The footpaths secretary, Les Atkinson, reported that the annual budget for the North York Moors National Park had been cut from £8m to £5.3m, with a consequent reduction in manpower.  He said the group's footpaths maintenance work in the national park could release the authority's personnel for other tasks, and he was seeking more engagements.  Full report.

Officers 2014-15: chairman Phil Trafford, secretary Pam Grimwood, treasurer Dave Grimwood, footpath secretary Les Atkinson, minutes secretary Robert Clutson, rambles organiser Tricia Mumford, members liaison Adam Brown, webmaster Harry Whitehouse, committee Ray Johnson and Margaret Atkinson. *After the meeting, Harry Whitehouse offered to fill the vacant role of area council rep.

Next year's AGM will be held on Thursday November 26 at the same venue. -
28 November 2014. Amended 18 December 2014.

Peak District camp

The Derbyshire Peak District will be the venue for the East Yorkshire and Derwent RA area camp from Friday June 12 to Monday June 15, 2015.

We will be based at Greenacres Campsite, Nether Booth, Edale, S33 7ZH.

As this year, tent campers, caravans, motorhomes, B&Bers and day visitors will all be welcome.  Edale Youth Hostel is also nearby.

Greenacres is set in a very scenic spot, adjacent to Kinder Scout.

We are planning 10-mile led walks on Saturday and Sunday, and early-bird and final-day shorter walks for Friday and Monday.  Details of possible shorter walks will be available, for those who prefer, on Saturday and Sunday.

Current nightly fees at the site are £5 per adult plus £2 per car for campers or motorhomes (minimum £10 a night total), and caravanners pay £14 a night per van, plus £4 for electricity and £2 for an awning. Space for caravans is limited, so booking with the site (01433 670375 Monday-Saturday, 9am-5pm) is advised.

There is no need for tent campers to book with the site, as we will deal with these arrangements.

The organisers are Harry Whitehouse and Phil Trafford - to register your interest, please contact Harry on 01723 375770 or email him. - 8 November 2014.

Potash boss at AGM

The External Affairs Manager of the firm planning a £1 billion potash mine will be the guest speaker at our annual meeting on Thursday November 27.

York Potash is seeking planning permission for the mine, which it says will create 1,000 direct jobs, and pour millions of pounds into the local economy.

The firm aims to exploit the thickest and highest grade known potash ore reserve in the world, producing material for agricultural fertiliser.

Output from the mine, to be sunk near Whitby, is now planned to be transported by underground conveyor to Teesside, where it will be loaded onto ships.

Our guest at the annual meeting, Mr Matt Parsons (above), will talk about the implications for rights of way in the area, and will then take questions.

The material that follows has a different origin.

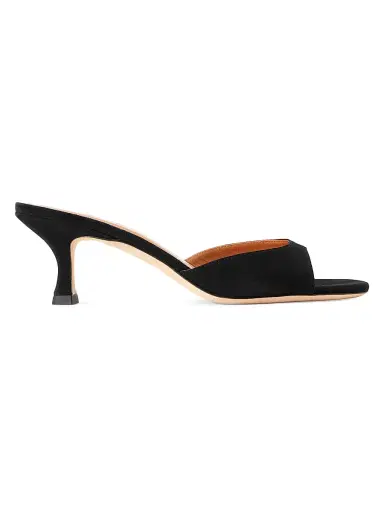 Staud Women's Brigitte 55MM Suede Mules - Black - Size 11 | Thumbnail 1 Staud Women's Brigitte 55MM Suede Mules - Black - Size 11 | Thumbnail 1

Mr Parsons was recruited by York Potash two years ago from Scarborough Borough Council, where he was Employment and Skills Manager.

The meeting, at the Friends' Meeting House, Quaker Close, Scarborough, starts at 7.30pm. - 10 October 2014

Area chairman resigns

The chairman of Ramblers' East Yorkshire and Derwent Area, Dany Wlodarczyk, has resigned after a complaint about the content of the latest Area News.

The area walks programme compiler, Roy Hunt, circulated an email expressing surprise that "so much of Area News had been hijacked by an anti-fracking group."

Dany became chairman while editor of the newsletter.  She appealed for a volunteer to take over Area News, but no one came forward, so she continued with both jobs.

On the front page of the current Area News, Dany said Ramblers would need to keep a close eye on any local applications for oil and gas exploration.

She mentioned concerns about possible risks from fracking, quoted Ramblers' national policy, acknowledged that there would be a range of views on the issue, and invited comments.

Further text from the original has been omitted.